どんな大河も一滴の水から。多摩川138キロの源流「水干」の最初の一滴を求めて

一世紀にわたる森林再生計画

しかし、この豊かな水源も最初からあった訳ではないようです。

時は明治時代末期、東京府(現:東京都)が多摩川の水源確保・水量安定化を目的として上流域の山林を買い入れました。

当時の山野は江戸末期から明治時代にかけて行われた焼き畑農業による山火事や、燃料として薪の乱伐によって荒れ果てていたそうです。

大きな木や林に乏しいため保水能力が低く、大雨が降ると山崩れを起こして多摩川はしばしば氾濫し、少し雨が降らなければすぐに干上がって深刻な水不足に見舞われました。

これでは都民の生活が豊かにならない。

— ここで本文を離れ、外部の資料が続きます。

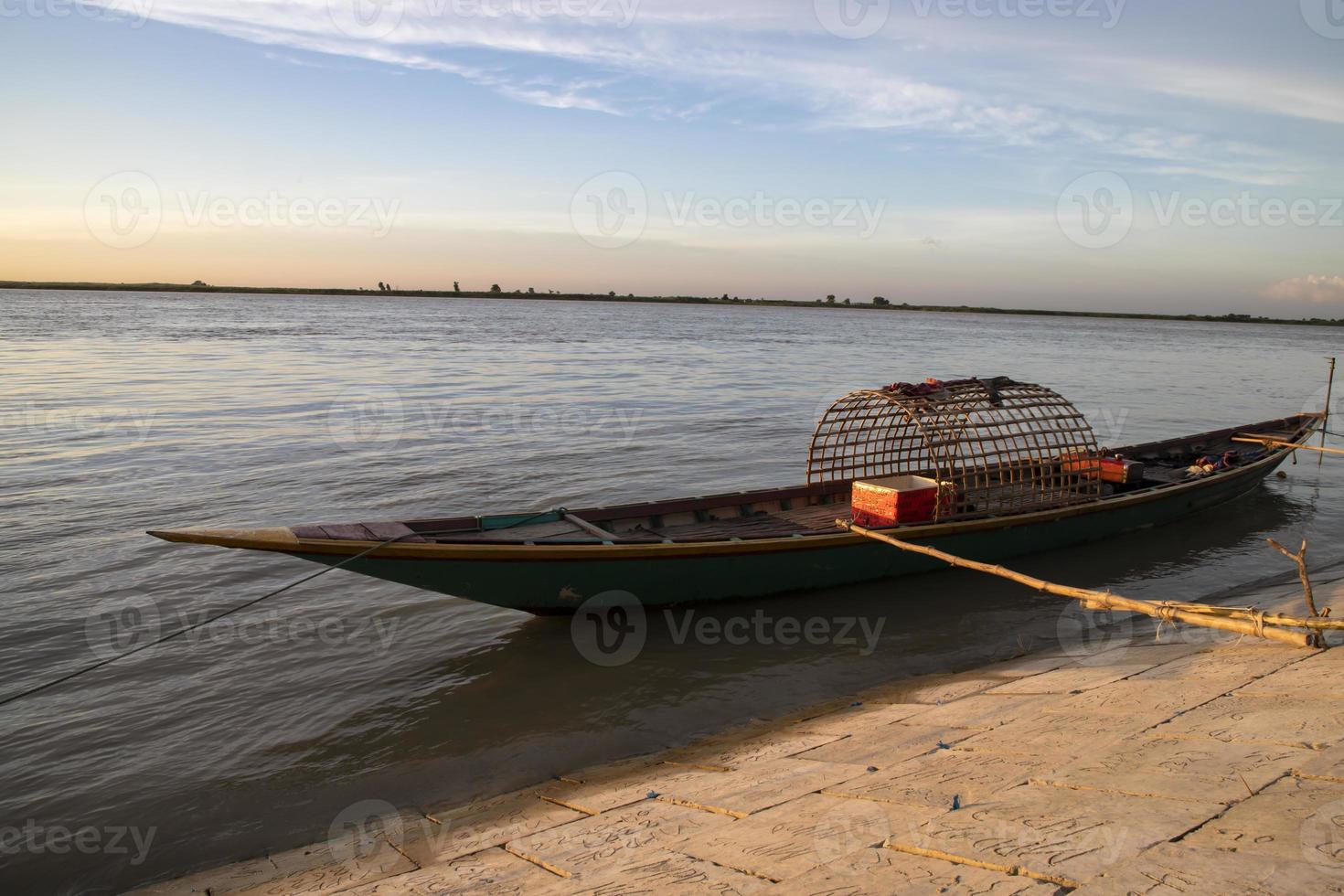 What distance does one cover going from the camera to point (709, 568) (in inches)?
376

そう考えた当局は、すっかり砂漠化してしまった山々に植樹を行い、およそ一世紀の歳月をかけて豊かな森を取り戻したのでした。

まず、砂地ばかりで気温の低い土地でも育ってくれる針葉樹や、地表近くに広く根を張って地滑りを防いでくれる笹を植えてから、野生動物の餌となる実をならせる広葉樹をじっくりと育てる下ごしらえをするなど、自然の特性を活かした知恵と創意工夫が投入されたことが遊歩道の案内板に紹介されています。

こうした先人たちの努力が、今でも所々にむき出しとなっている砂地の地層に垣間見ることができます。